Today, I want to close out my list of wildly-overvalued companies that are probably best avoided by investors as we go into 2016. In addition to trading at very high multiples of current and expected earnings, these stocks have Piotroski F-scores that indicate business is not as perfect as the momentum buyers are suggesting.
When the high-multiple, high-growth stocks and story stocks begin to miss earnings estimates, or have other difficulties, the rapid exit of large institutions can cause the stock price to collapse quickly. The exit door becomes very crowded when these stocks fall from favor.
The best story right now is Taser International (TASR). In addition to the namesake stun guns, the company makes body cameras for police departments -- and those are in high demand, right now. It is a good company and they have great products. But the stock is priced for perfection and beyond right now.

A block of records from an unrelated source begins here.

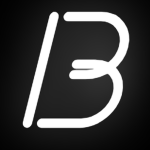 Bun's studios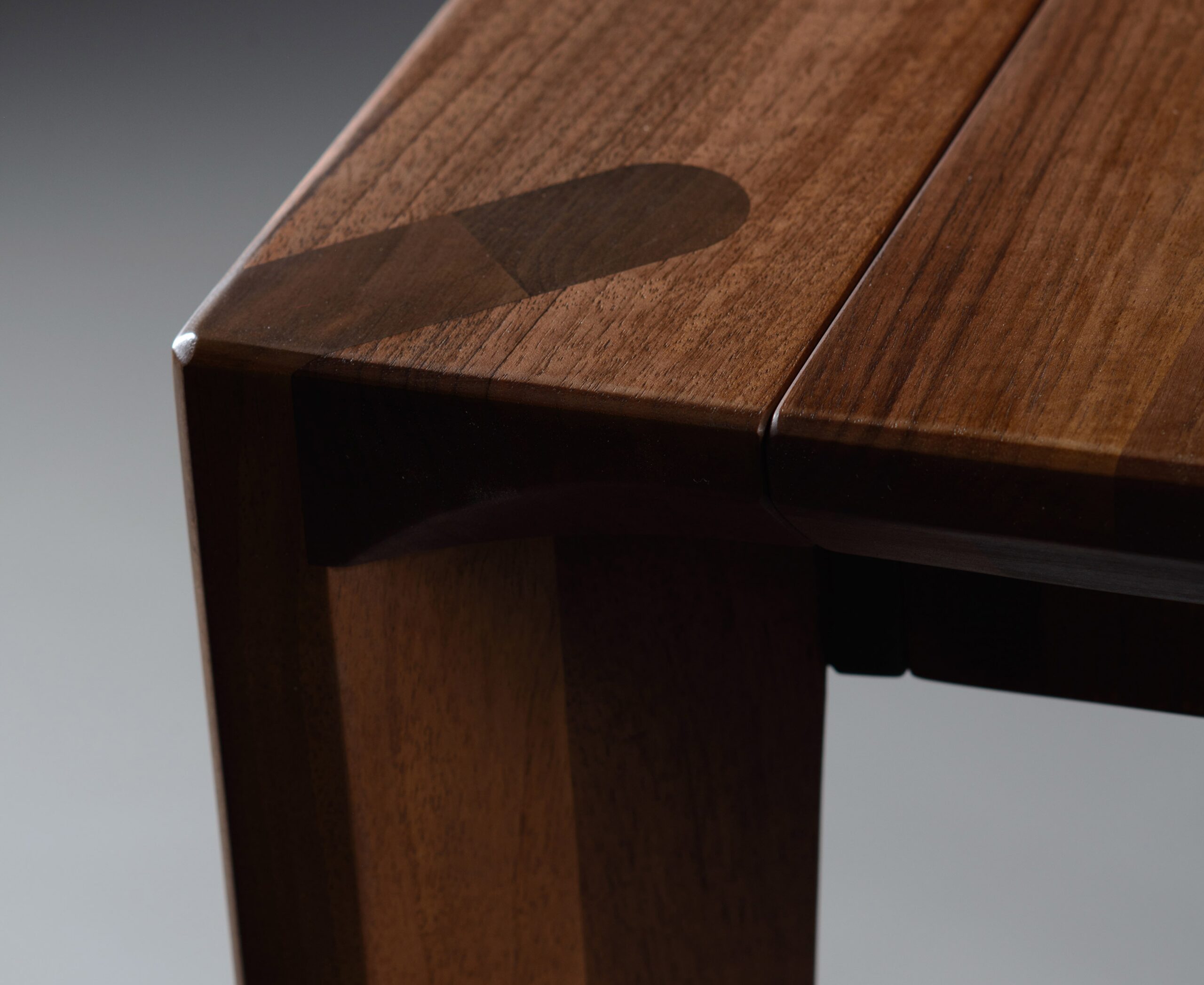 Hanny extension table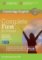 Complete First for Schools Presentation Plus DVD-ROM Complete First for Schools Presentation Plus DVD-ROM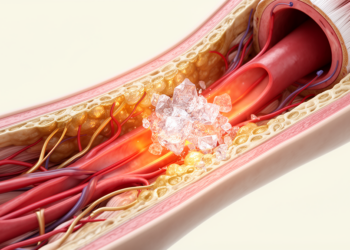 Hyperuricemia may disrupt erection through vascular, inflammatory and smooth-muscle pathways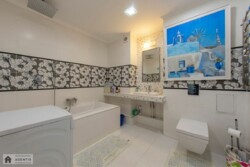 Здається квартира Чоколівка, Кадетський Гай вул., 6, м. Вокзальна, Ціна 700 $ фото 11 Здається квартира Чоколівка, Кадетський Гай вул., 6, м. Вокзальна, Ціна 700 $ фото 11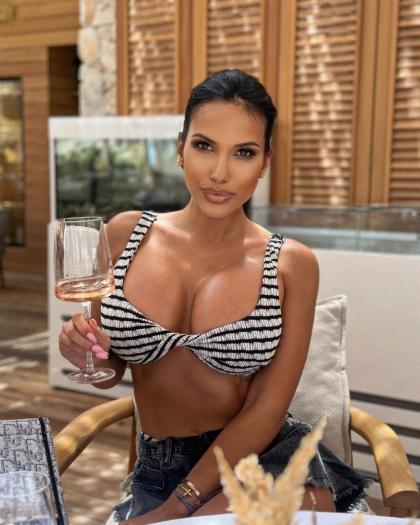 Deana Yordanova photo 12581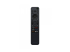 Sony Bravia 7 Professional Displays FWD-75XR70 - Front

The analyst expectations are for five-year earnings growth of about 14%, and next year they anticipate growth of 15% or so. That is not high enough to justify the current multiple of 46x earnings and 47x the 2016 estimates. The stock had already experienced a wave of selling when Taser missed the third-quarter earnings estimates. I would not be shocked to see more selling in 2016.
It is a good business, but an even better story. Today's price reflects more story than business. The company has an F-score of just 3, so the fundamentals are telling a much less positive story.
When it comes to high-growth, high-momentum stocks, Under Armour (UA) has been the widow maker for anyone foolish enough to be negative on the shares. The company's line in performance apparel, footwear and accessories has been extremely popular in recent years. They have picked up endorsements by professional athletes and sales and profit growth have been strong. The F-score has steadily declined the past few quarters, however, and now stands at a rock bottom 1.
There has been some selling of the stock late in the year, and insiders have done some selling as well. This is a fantastic company with solid products and management, but that does not necessarily translate to being worth 83x current earnings and 60x the projected results. There is no margin of error in this stock. If UA misses any estimate, the stock could well get clobbered.
SPS Commerce (SPSC), the cloud-based supply chain management concern, appears to be having a good year -- with strong sales and profit. But they have not been beating the quarterly estimates by as wide a margin as in years past. With the shares at 355x current earnings and 75x expected earnings, that could be a huge problem for the stock price in 2016.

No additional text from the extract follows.